Also available in the Spanish Edition: El Soñador
by Pam Munoz Ryan and Peter Sis, published 2010
“He peeked out… and saw that the wind had also possessed his mittens. They looked like ghostly hands waving good-bye in the Chilean sky. Where were they headed? Whose hands would they cover next? ..’Where is the storehouse of lost and found?'”
As I put this exquisite children’s book down, I wiped my eyes, and marveled at the quick journey I had just taken into the heart and mind of Pablo Neruda. Suddenly, I was overwhelmed with the desire to read everything he had written – poetry, prose, essays, his biography. In just one simple children’s book, I felt I had touched the genius and heart of this astounding man who I had not previously appreciated. And that is the brilliance and beauty of The Dreamer.

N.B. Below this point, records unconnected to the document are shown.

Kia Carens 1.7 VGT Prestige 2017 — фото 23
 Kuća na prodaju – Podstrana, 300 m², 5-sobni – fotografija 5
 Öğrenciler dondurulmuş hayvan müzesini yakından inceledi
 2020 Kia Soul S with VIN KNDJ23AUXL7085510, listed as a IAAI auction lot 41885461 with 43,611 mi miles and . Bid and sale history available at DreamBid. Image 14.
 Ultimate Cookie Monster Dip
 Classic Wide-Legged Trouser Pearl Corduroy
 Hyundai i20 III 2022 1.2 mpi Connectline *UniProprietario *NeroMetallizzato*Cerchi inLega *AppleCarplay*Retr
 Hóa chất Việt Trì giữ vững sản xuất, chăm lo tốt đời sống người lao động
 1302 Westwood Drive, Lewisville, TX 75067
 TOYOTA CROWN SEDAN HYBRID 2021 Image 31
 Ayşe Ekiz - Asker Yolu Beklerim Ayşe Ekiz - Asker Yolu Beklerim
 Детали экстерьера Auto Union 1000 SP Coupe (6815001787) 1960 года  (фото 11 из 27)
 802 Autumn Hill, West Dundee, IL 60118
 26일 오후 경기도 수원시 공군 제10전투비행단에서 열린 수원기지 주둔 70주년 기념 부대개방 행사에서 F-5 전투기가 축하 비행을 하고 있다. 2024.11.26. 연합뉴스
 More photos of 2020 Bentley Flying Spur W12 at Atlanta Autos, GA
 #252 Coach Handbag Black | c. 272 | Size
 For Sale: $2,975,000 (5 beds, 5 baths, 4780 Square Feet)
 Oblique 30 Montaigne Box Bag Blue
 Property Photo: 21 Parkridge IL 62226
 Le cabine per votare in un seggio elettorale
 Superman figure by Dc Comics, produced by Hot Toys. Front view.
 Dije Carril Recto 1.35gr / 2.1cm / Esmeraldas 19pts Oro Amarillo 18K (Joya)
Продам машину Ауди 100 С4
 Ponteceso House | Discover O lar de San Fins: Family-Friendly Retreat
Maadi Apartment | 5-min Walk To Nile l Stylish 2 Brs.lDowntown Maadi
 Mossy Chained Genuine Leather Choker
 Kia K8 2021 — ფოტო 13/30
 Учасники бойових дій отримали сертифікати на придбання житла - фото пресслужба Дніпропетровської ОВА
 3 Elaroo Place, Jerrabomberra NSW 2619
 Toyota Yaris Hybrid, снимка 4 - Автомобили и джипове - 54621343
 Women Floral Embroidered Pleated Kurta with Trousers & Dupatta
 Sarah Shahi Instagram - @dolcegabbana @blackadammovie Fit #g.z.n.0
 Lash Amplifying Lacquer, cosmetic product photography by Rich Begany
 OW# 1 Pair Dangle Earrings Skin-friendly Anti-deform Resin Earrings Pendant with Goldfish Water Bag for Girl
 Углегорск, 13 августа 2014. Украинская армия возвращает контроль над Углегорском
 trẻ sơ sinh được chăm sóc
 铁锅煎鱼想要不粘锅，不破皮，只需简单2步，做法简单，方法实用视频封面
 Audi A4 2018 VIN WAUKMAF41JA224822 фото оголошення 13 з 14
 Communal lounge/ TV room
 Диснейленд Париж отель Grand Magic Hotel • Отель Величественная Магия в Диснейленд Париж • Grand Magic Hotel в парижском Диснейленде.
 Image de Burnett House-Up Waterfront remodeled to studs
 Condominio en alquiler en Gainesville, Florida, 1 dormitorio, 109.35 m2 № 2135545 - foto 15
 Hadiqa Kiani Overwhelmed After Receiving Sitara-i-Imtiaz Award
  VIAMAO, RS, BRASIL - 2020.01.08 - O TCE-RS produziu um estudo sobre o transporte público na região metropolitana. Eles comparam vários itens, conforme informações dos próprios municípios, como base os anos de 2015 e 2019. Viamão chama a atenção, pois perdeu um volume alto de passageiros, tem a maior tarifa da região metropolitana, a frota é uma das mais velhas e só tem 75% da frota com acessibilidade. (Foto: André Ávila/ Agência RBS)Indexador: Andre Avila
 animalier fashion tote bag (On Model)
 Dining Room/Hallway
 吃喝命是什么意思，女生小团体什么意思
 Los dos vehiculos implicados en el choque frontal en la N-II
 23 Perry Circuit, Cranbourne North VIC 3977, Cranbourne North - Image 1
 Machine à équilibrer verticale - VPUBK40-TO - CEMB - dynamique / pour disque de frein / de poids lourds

Whether you are young or old, from Chile or the USA or anywhere else, whether you love poetry or not, it is impossible not to be totally inspired by this fictional telling of Neruda’s childhood. It is as if we see exactly how a piece of coal becomes a diamond… by the pressure that is put upon it. And yet, reading this version of Neruda, it appears that in fact, he was never a piece of coal… his mind was a diamond of words and images right form the start.
I discovered the author from another children’s book I had just read, Echo, and I’m glad I followed up to find her other works. This is probably for 8 years old and up, and the beauty of the language would make it a wonderful read-aloud. (And by the way, your children are never too old to be read aloud to. It actually is beneficial to keep it up!)
Nothing more to add, except the hard-back version of this children’s book has delightful illustrations to go along with the poetry and language. This is a must for any library or homeschooling collection as well.